### TASK GOAL
Faithfully repeat each entry below, minus the pictures.

### MATERIAL FOR THE TASK

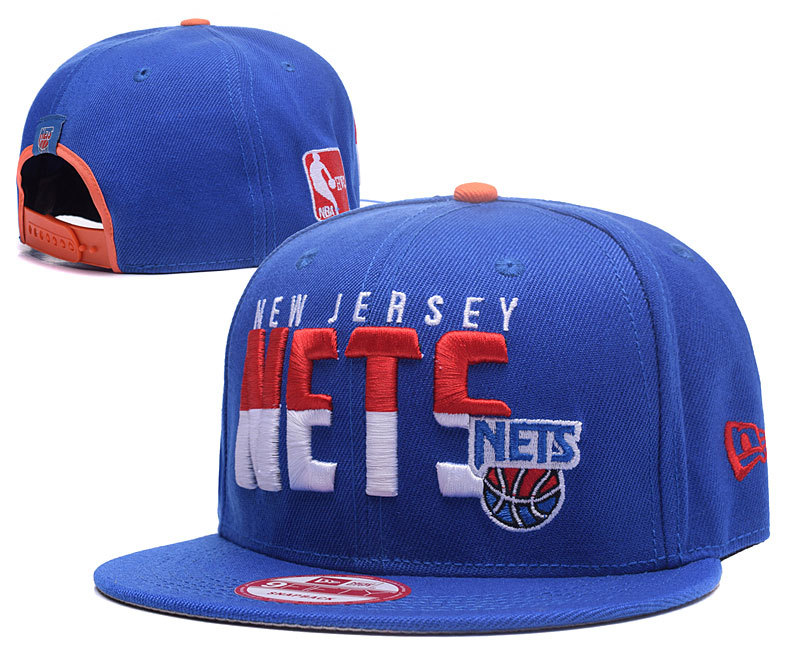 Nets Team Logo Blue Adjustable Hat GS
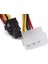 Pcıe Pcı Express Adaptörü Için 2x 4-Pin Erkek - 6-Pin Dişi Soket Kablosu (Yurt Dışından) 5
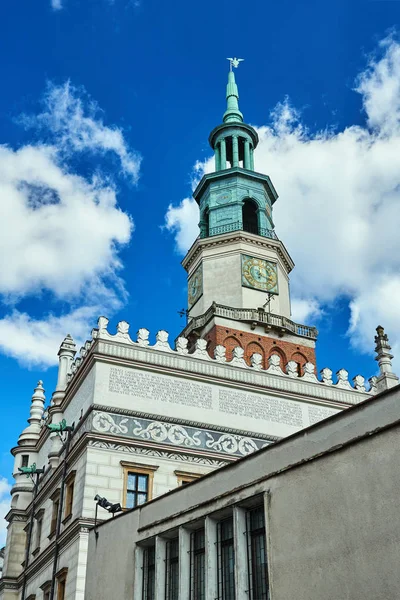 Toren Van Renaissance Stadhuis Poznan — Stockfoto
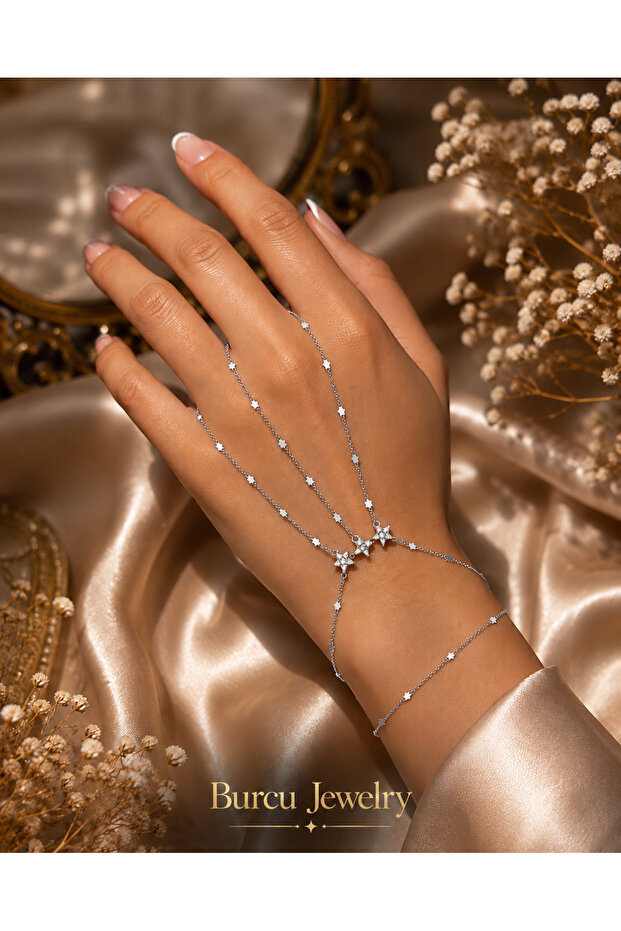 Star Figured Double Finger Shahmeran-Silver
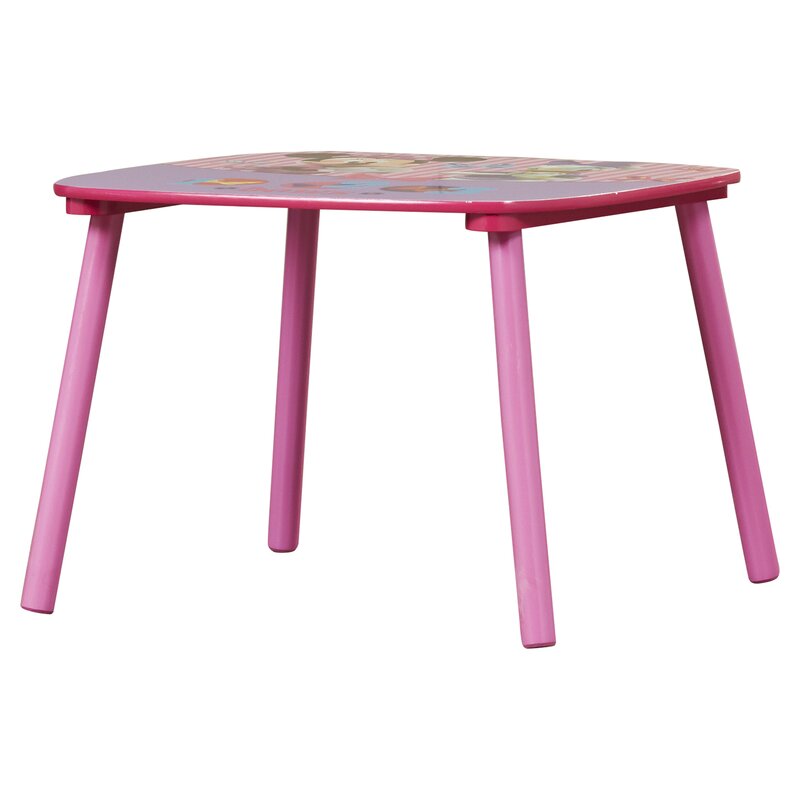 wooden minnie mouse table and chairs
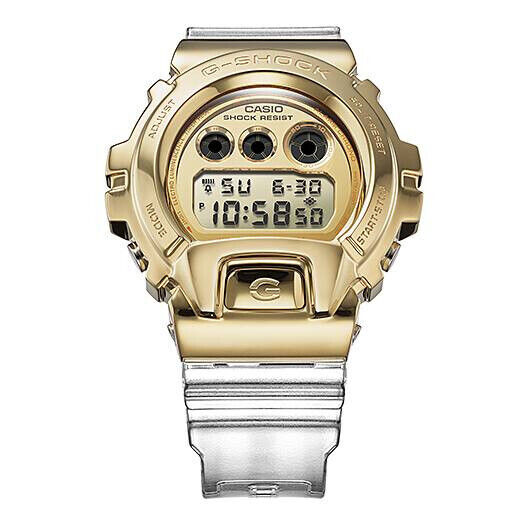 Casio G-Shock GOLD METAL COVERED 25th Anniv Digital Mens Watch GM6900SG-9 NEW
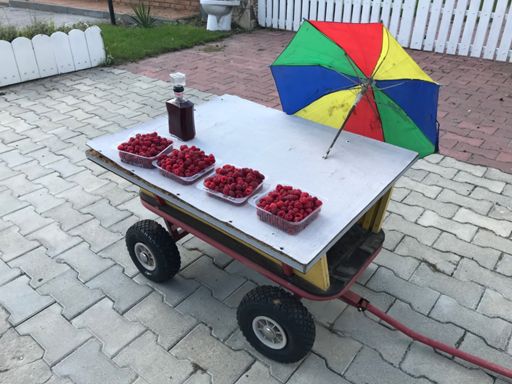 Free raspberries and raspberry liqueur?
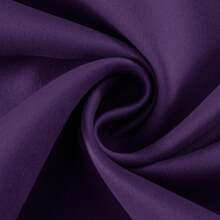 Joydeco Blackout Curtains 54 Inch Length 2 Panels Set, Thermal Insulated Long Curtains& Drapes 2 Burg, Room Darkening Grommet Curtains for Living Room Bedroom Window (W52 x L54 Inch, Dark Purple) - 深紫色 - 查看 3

### EXERCISE ANSWER
 Nets Team Logo Blue Adjustable Hat GS
 Pcıe Pcı Express Adaptörü Için 2x 4-Pin Erkek - 6-Pin Dişi Soket Kablosu (Yurt Dışından) 5
 Toren Van Renaissance Stadhuis Poznan — Stockfoto
 Star Figured Double Finger Shahmeran-Silver
 wooden minnie mouse table and chairs
 Casio G-Shock GOLD METAL COVERED 25th Anniv Digital Mens Watch GM6900SG-9 NEW
 Free raspberries and raspberry liqueur?
 Joydeco Blackout Curtains 54 Inch Length 2 Panels Set, Thermal Insulated Long Curtains& Drapes 2 Burg, Room Darkening Grommet Curtains for Living Room Bedroom Window (W52 x L54 Inch, Dark Purple) - 深紫色 - 查看 3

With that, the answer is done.